----- Given information -----

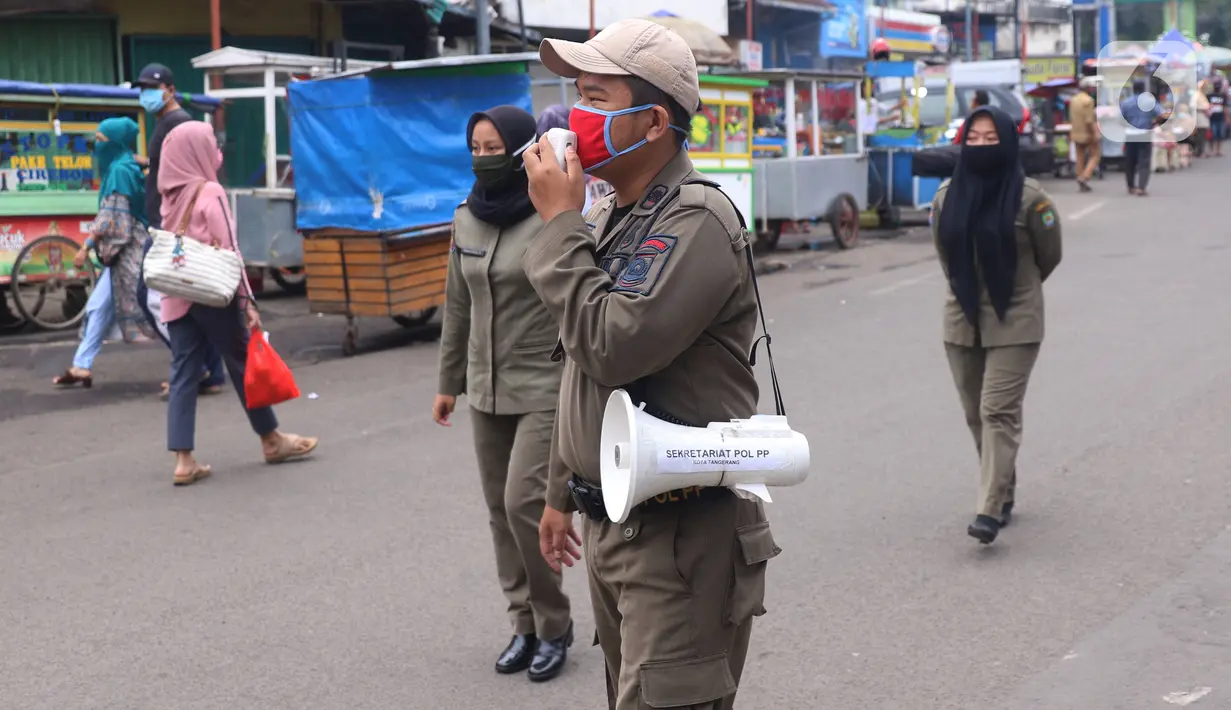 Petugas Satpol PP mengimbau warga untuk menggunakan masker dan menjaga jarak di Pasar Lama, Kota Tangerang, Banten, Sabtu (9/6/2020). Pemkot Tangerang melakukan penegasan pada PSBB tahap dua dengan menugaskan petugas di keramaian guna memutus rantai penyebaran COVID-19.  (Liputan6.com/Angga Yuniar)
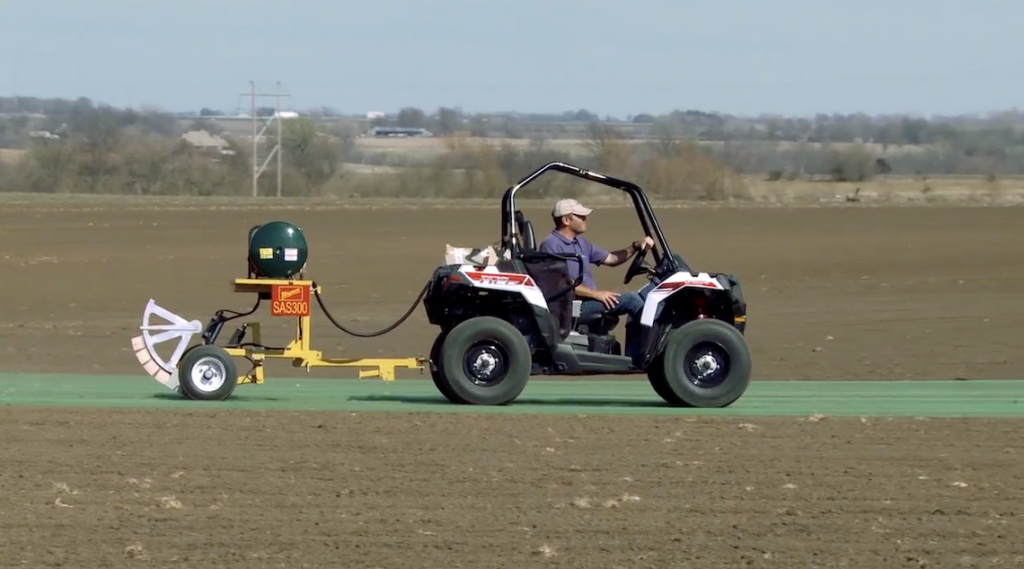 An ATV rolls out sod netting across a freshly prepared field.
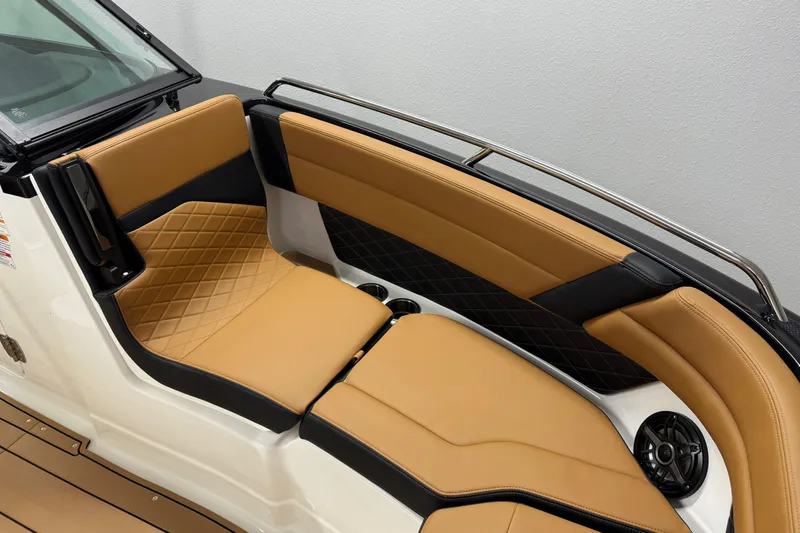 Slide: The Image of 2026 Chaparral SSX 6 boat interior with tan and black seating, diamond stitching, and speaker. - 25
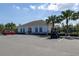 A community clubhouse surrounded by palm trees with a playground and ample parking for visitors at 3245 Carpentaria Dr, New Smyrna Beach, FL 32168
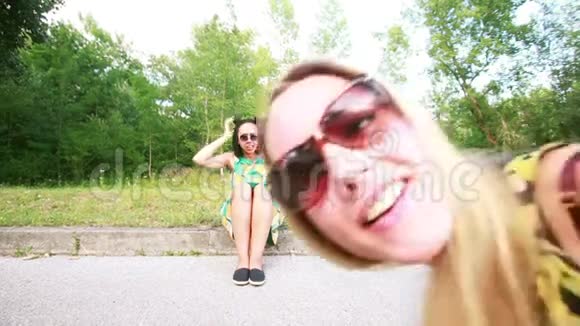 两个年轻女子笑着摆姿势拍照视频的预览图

-----
----- Given information -----

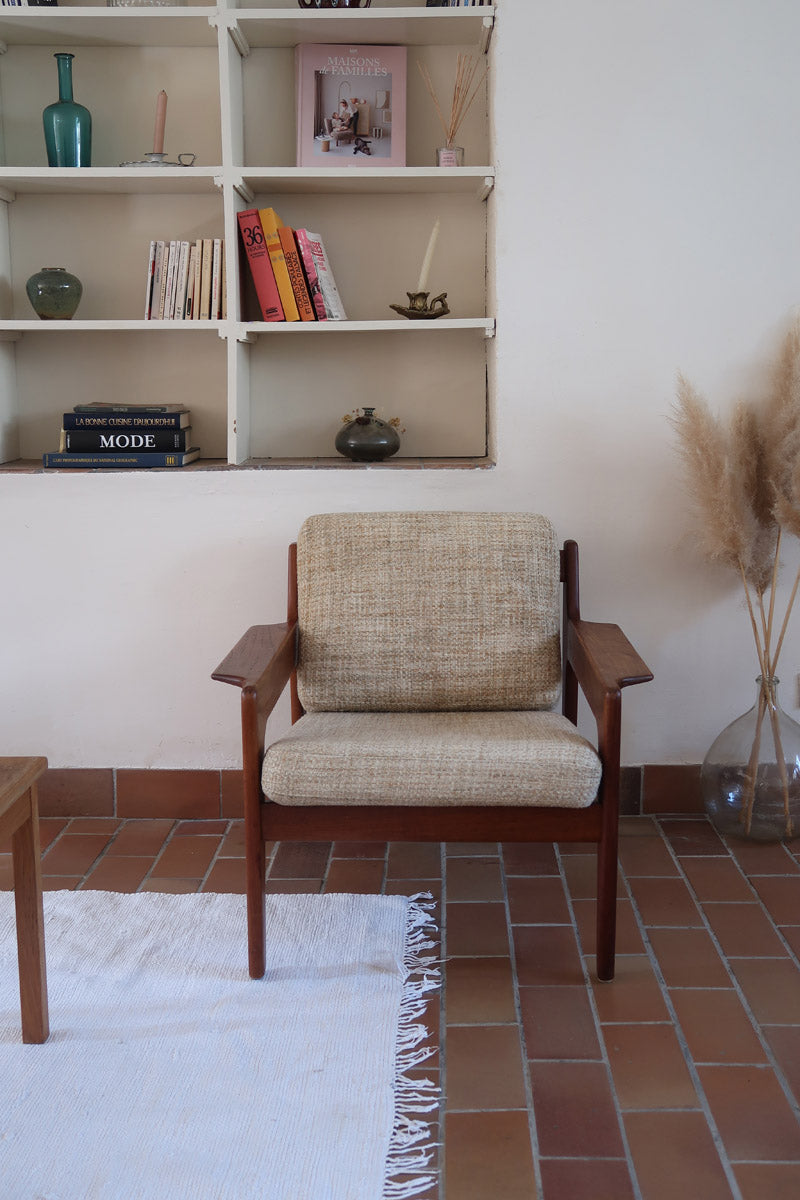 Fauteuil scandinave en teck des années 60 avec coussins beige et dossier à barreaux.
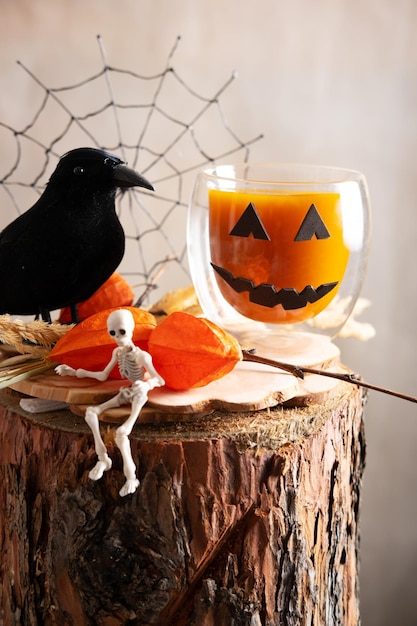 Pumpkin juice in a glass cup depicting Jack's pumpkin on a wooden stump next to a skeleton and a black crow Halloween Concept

-----

» Task: Within these entries, output exactly the lines starting at the one with "Slide: The Image" and finishing at the one with "两个年轻女子笑着摆姿势拍照视频的预览图". Leave pictures out of the output.

» Solution:
 Slide: The Image of 2026 Chaparral SSX 6 boat interior with tan and black seating, diamond stitching, and speaker. - 25
 A community clubhouse surrounded by palm trees with a playground and ample parking for visitors at 3245 Carpentaria Dr, New Smyrna Beach, FL 32168
 两个年轻女子笑着摆姿势拍照视频的预览图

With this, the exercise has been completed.